I read a lot of books in the pursuit of my art, but I’m also a news site junkie.  We’re talking human vacuum cleaner, baby.  Let’s face it:  Now that the news has gone 24/7, they’ll report any- and everything, just to fill the bandwidth.  This past week alone I read about the crook who stripped down to his skivvies and greased himself but still got stuck in the chimney; Burger King’s new menu, which apparently happens to bear a strong resemblance to the one at McDonald’s; and Mattel’s latest “socially-conscious” marketing coup, Commander-in-Chief Barbie.

Of course those stories aren’t actual news, they’re filler.  Sure, you curl your lip now, but consider this:  Filler is where real life happens.  Ergo, filler can a veritable gold mine.  Especially if you’re looking for ….

  • the occasional story idea
  • interesting secondary characters
  • a nifty turn of phrase
  • articles (with photos!) on interior design, fashion, cars, and architecture (Subjects as dear to me as gardening, so I need all the help I can get.  You’ve got to put your characters somewhere and dress them up in something, right?  Why reinvent the wheel?)
  • a heads-up on developing technologies  (always a plus for a gal who writes sci-fi)
  • a glimpse of the good, the bad, and the ridiculous in human behavior
  • proof positive that truth is stranger than fiction could ever be

There’s so much raw material out there, it’s hard to keep track of it all.  Or would be, if it weren’t for Evernote, a free app (desktop and mobile) that’s worth its weight in gold.  Whenever I come across a gem I want to preserve for future use, I click the “Clip It” button installed on my browser, and … voila!  The information, she is mine!  But wait.  It gets better!  I can (and have) filed the information in notebooks, all the better to retrieve it, my dear.  I can (and have) synced my account to my iPhone and my Kindle Fire.  So my files go where I go.  Handy as a pocket on a shirt, right?

–♦–

Proofing/Editing

I spent the last four-day weekend (spring break is one of the perks of working for a university) reading a book out loud.  My book, to myself.  The only drawback was dry mouth.  The perks were many and splendid.  Awkward phrasing and stilted dialogue stuck out like the proverbial sore thumb.  Meandering strands of adjectives left a bad taste, prompting me to look for ways to describe the same thing in fewer words.  Justs, verys, reallys, and the all-too-common cut-and-paste fiasco stood in stark (and audible) relief.
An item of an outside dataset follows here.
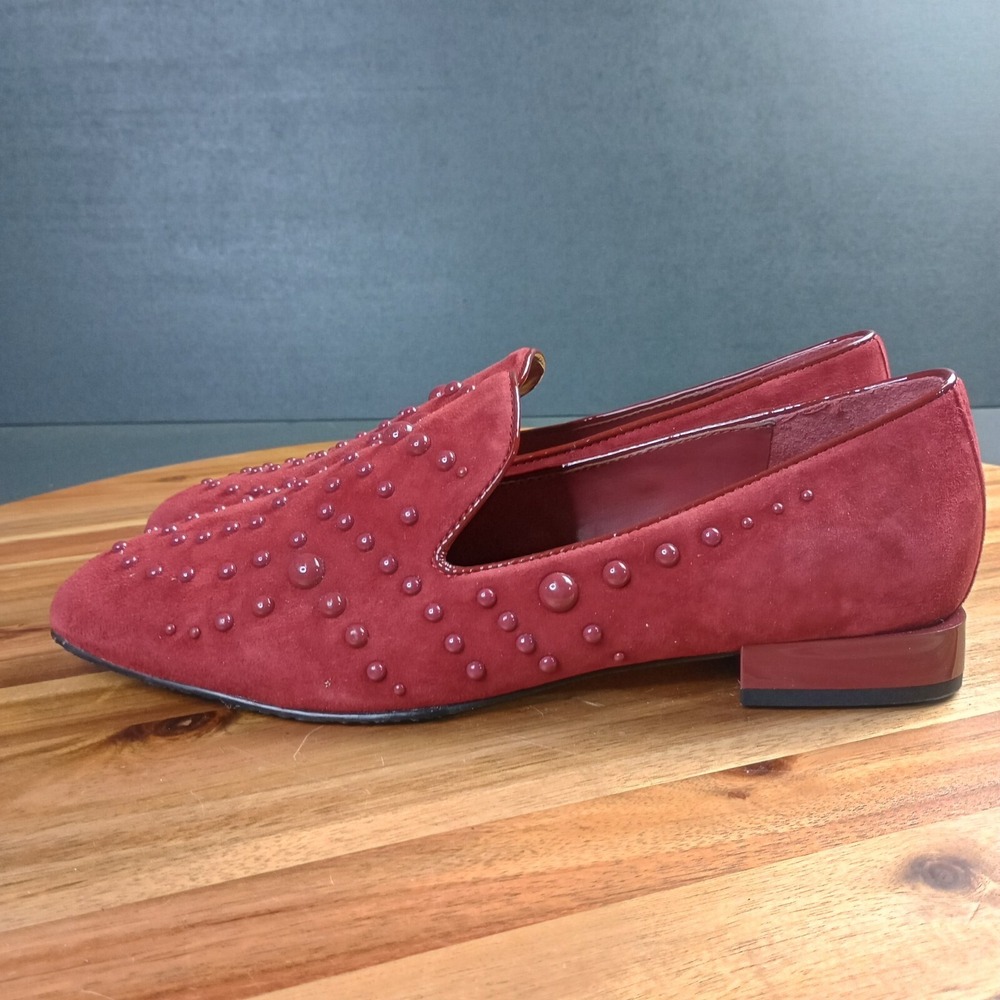 Donald Pliner Rehbel Studded Loafer Womens Sz 8 M‎ Red Slip On Flat Comfort Shoe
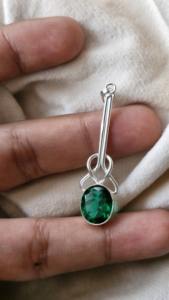 จี้มรกตสีเขียวคุณภาพสูง925สเตอร์ลิงทำด้วยมืออัญมณีของขวัญเครื่องประดับ - Product Image 5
Plus, I got to laugh at my own jokes, which sounded twice as clever in voice-over.

No kidding.  Reading your stuff aloud is one of the biggest favors you’ll ever do for your work.  If reading to yourself makes you feel silly—although, I can’t imagine why it would … you are, after all, a writer, and nothing is sillier than that—find (or pay) a friend or relative to read to.  But do it.  DO IT!

Speaking of friends and relatives, it doesn’t hurt to give someone a look at the finished manuscript.  Not like an editor—”Are you sure you want to use a semicolon there?”—but like a reader.  Are there elements that pull them out of the story and and make them say, “Huh?”  This is a great way to identify gaps and glitches and places where additional descriptions or background information are in order.

Finally, my latest discovery.  I blush to share this one, but what the heck.  We’re all crazy writers here, right?  Okay, this is what I did.  I emailed my manuscript to my Kindle account, with “Convert” as the subject line.  The convert in question was the format, and the format I wound up with was a Kindle book.  No, this wasn’t an ego trip.  I actually did it because, like all writers, I have copies of my manuscripts squirreled away in various places, because I’m paranoid about losing them.  I mean, God forbid the house should burn down on the same day my purse (and the jump drive in it) gets stolen, and I have to start all over again.  Anyway, that’s why I did it.  But a strange thing happened when I pulled it up to see if the conversion took.   The manuscript looked … different.

Eureka!  A fresh perspective!

If  my own work doesn’t look as familiar to me … and it doesn’t … who knows what I might pick up?  Will this help me make Amanda’s Eyes a better novel?  Stay tuned to find out.

In the meantime, I showed you mine, so how’s about you show me yours?  Got tips?